At first I thought that, in blocking my comments, Freshmeat's editors had lost sight of their goals. Upon thinking about it some more, and reading their "about" page, I realize their purpose is to catalogue software so Unix users can find it. That is the service they provide. By bringing more eyeballs to the software, they might encourage or even help the author to improve it further but that's a side-effect, not a goal. (Since FreshMeat and SourceForge are both owned by OSDN, perhaps they need this clear division of purpose so they don't steal one another's thunder.)
Every once in awhile I happen upon some mention of one of the first open source contributions that I made, an XInput driver and notes to get a Calcomp DrawingSlate tablet working with XFree86 3.x. That was years ago; more recent versions of XFree86 include built-in support for Calcomp tablets courtesy of Martin Kroeker. Yet, funny though it may seem, my old hack still gets top ranking in Google when you search for "calcomp xinput".
(Speaking of time warps, as I write this, it's 2:00am June 15. I forgot that, when I post to Advogato, I'm in California where it's still yesterday.)
Well I gots my immediate gratification, and my freshmeat page.
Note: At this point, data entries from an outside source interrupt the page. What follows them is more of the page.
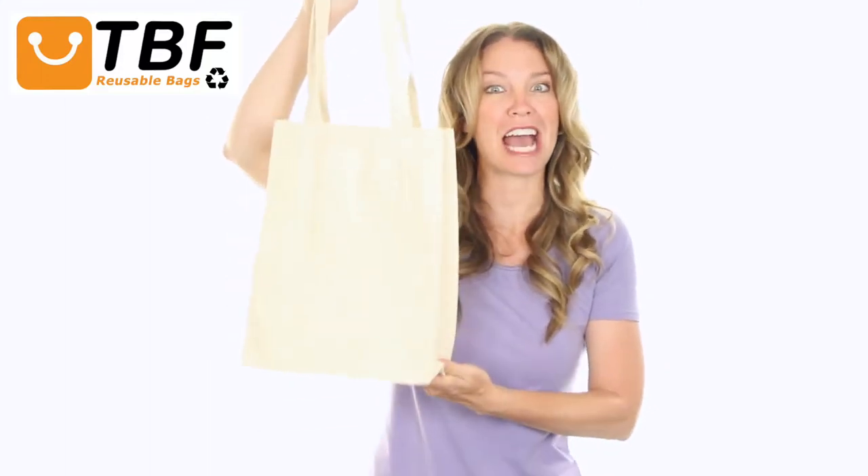Hi, I'm Tamara. Today on TBF TV, I'll show you our reusable heavy canvas shopping tote bag.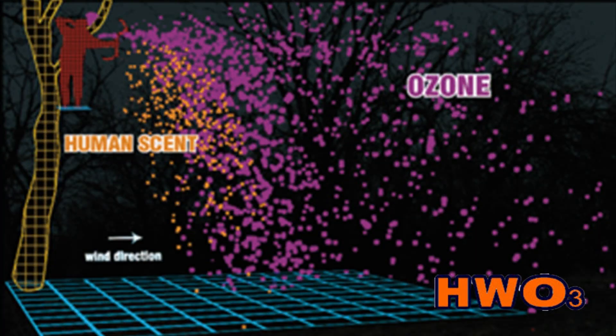Ozone machines electrify O2 in the same way lightning does. Ozonics applies the power of ozone to hunting situations — it's the world's first and only in-field ozone machine. It blankets your scent cone while killing scent molecules.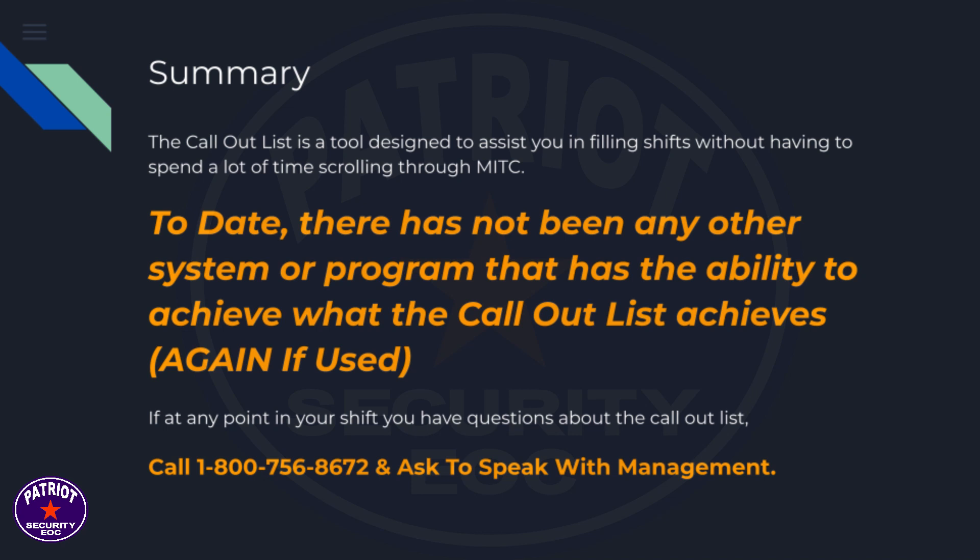There has not been any other system or program that has the ability to achieve what the call-out list achieves — again, if used. If at any point in your shift you have questions about the call-out list, call 1-800-756-8672 and ask to speak with management.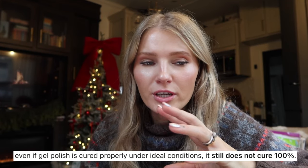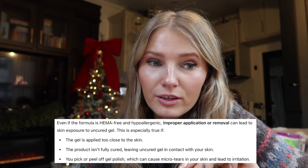HEMA can trigger allergic reactions especially with repeated exposure. If the gel doesn't cure properly — for example, if you use layers that are too thick — the top layer will look cured but the underneath layers will still be gooey. This is especially true with dark colors. When gel isn't cured properly, some of these active ingredients remain in their uncured active form. Getting uncured gel on your skin can lead to sensitization, where the immune system begins to recognize it as a threat.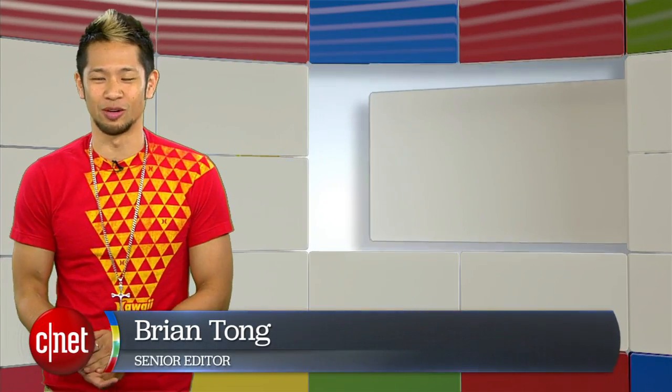What's happening? Brian Tong here and welcome to Googlelicious, for all the Google goodness that we can pack inside of a show.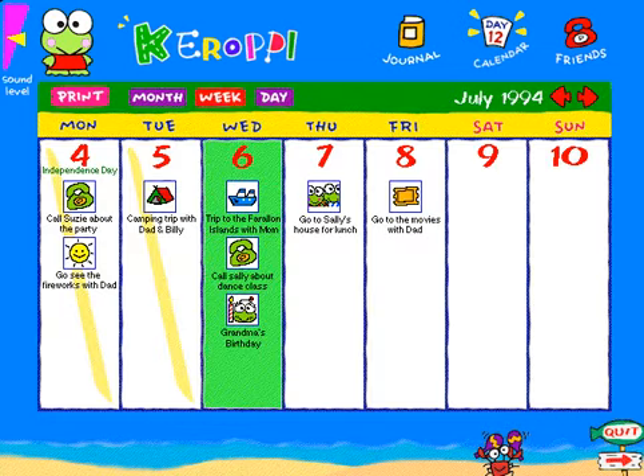We've given you a weekly look as well. Here, you can see all the events you have scheduled up close. Each page prints easily with the touch of a button.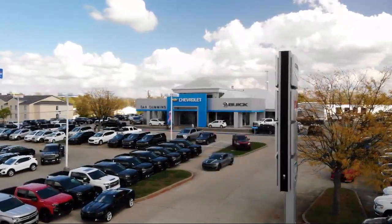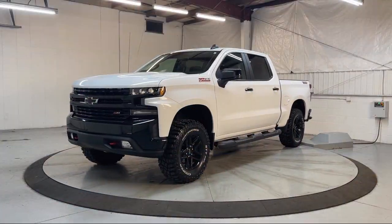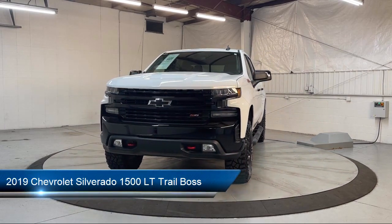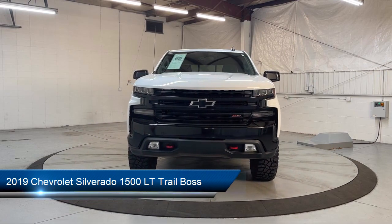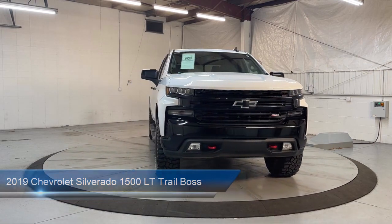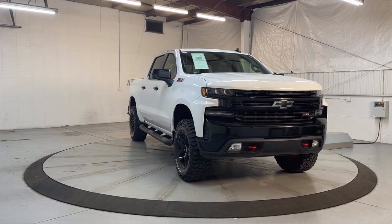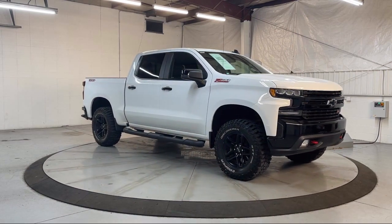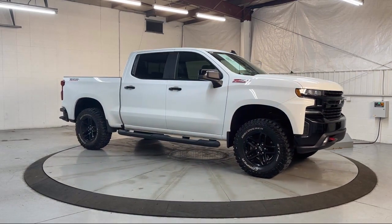Welcome to Dan Cummins of Georgetown. Here's a look at one of our many great vehicles for sale. It comes equipped with Chevy Tech spray-on black bed liner, preferred equipment group 2LT, heated driver and front passenger seats, split fold-down rear seat, suspension package, and front LED fog lamps.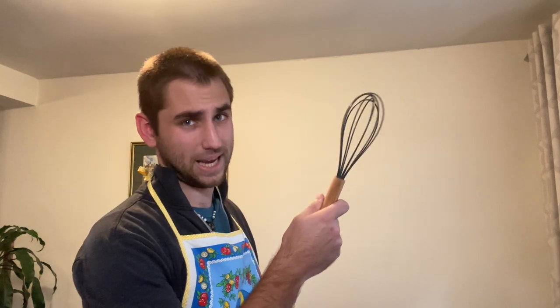Welcome back everyone. My name is Hobby Man Pete and this is Hobby News, the channel where we give you all the quick info you might need to pick up a new hobby. Today's top story: baking.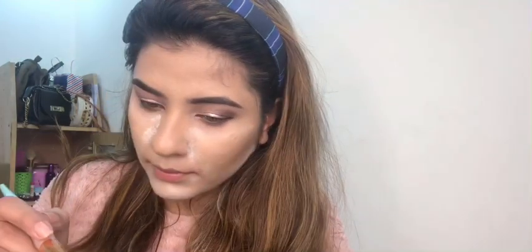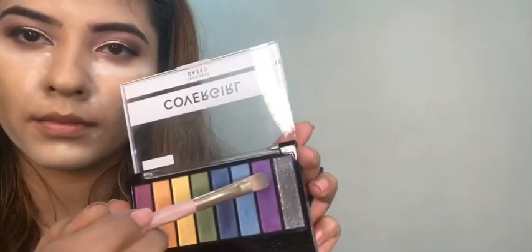It's time for setting the T-zone area with translucent powder. I am using Kat Von D's translucent powder on my face. Now I am using the Cover Girl palette for contouring.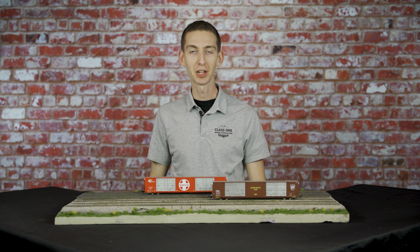Hi everyone, I'm Cody with ClassfulModelWorks.com and today we have some super exciting news. We are announcing the long awaited winner of the parts car collection giveaway.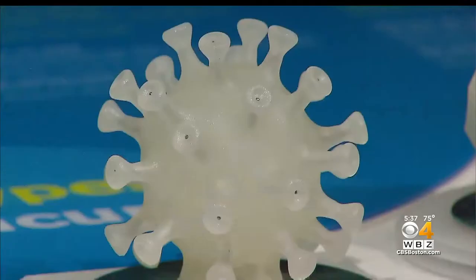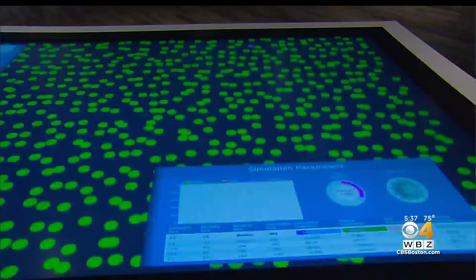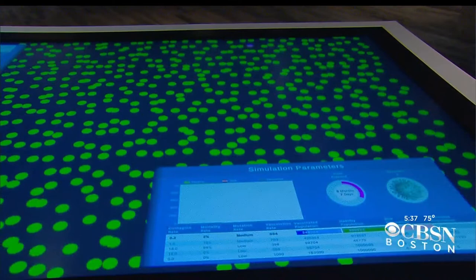The museum's chief learning officer says this exhibit will help bring all of us together. We've all been through this pandemic together and we've all been thinking about vaccines. In fact, many of us play a role in the vaccination of our community — whether we've been a nurse or pharmacist disseminating the vaccine.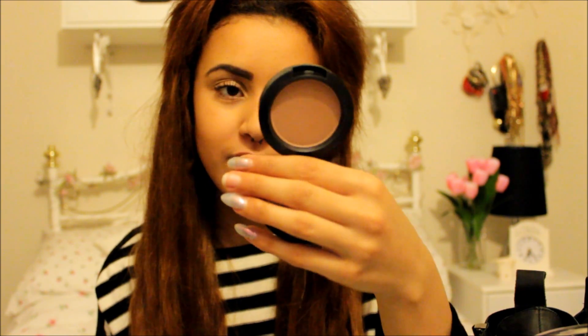MAC Harmony I've been loving for contouring when I want something a little more subtle — though I like my contour quite strong so it's not really subtle! I've also been using the Sleek Face Contour Kit in Medium today, which gives a really strong contour and is quite affordable. I've been loving all of these products.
feji: Yeah Freshmeat calls it "Unix" but they'll list Linux-only projects. The Solaris makefile wasn't what was lacking; they just needed to see a link to the source code so they'd know the Unix support (meaning Linux/Unix support) wasn't vapour.
Well it looks like Freshmeat is going to come through for me after all. They just couldn't find my Unix source code (it was in CVS, but was not in a tarball). I've made some minor changes to my web site to make the Unix stuff more visible, so now it should go through easily.
Speaking of the web site: http ://ntxshape.sourceforge.net/opensource.html might be an interesting read. It talks about the different open source licenses, and how NTXShape ended up with MPL.
Well, I have my project NTXShape running on SourceForge. Freshmeat won't take it though, saying they only list Unix projects. So, I rolled up my sleeves and got it working on Linux - this was on my short-term plan anyway and most of the groundwork was done - and then re-submitted to freshmeat. Again they say I must support Unix. So last night I got it to compile and run on Solaris/Sparc, and compared the results to the Win32 and Linux versions. They all work the same. Still they say "no freshmeat for you."
The Linux and Sparc support were on my to-do list, so I'm glad I found an excuse to do that, but now I want the immediate gratification!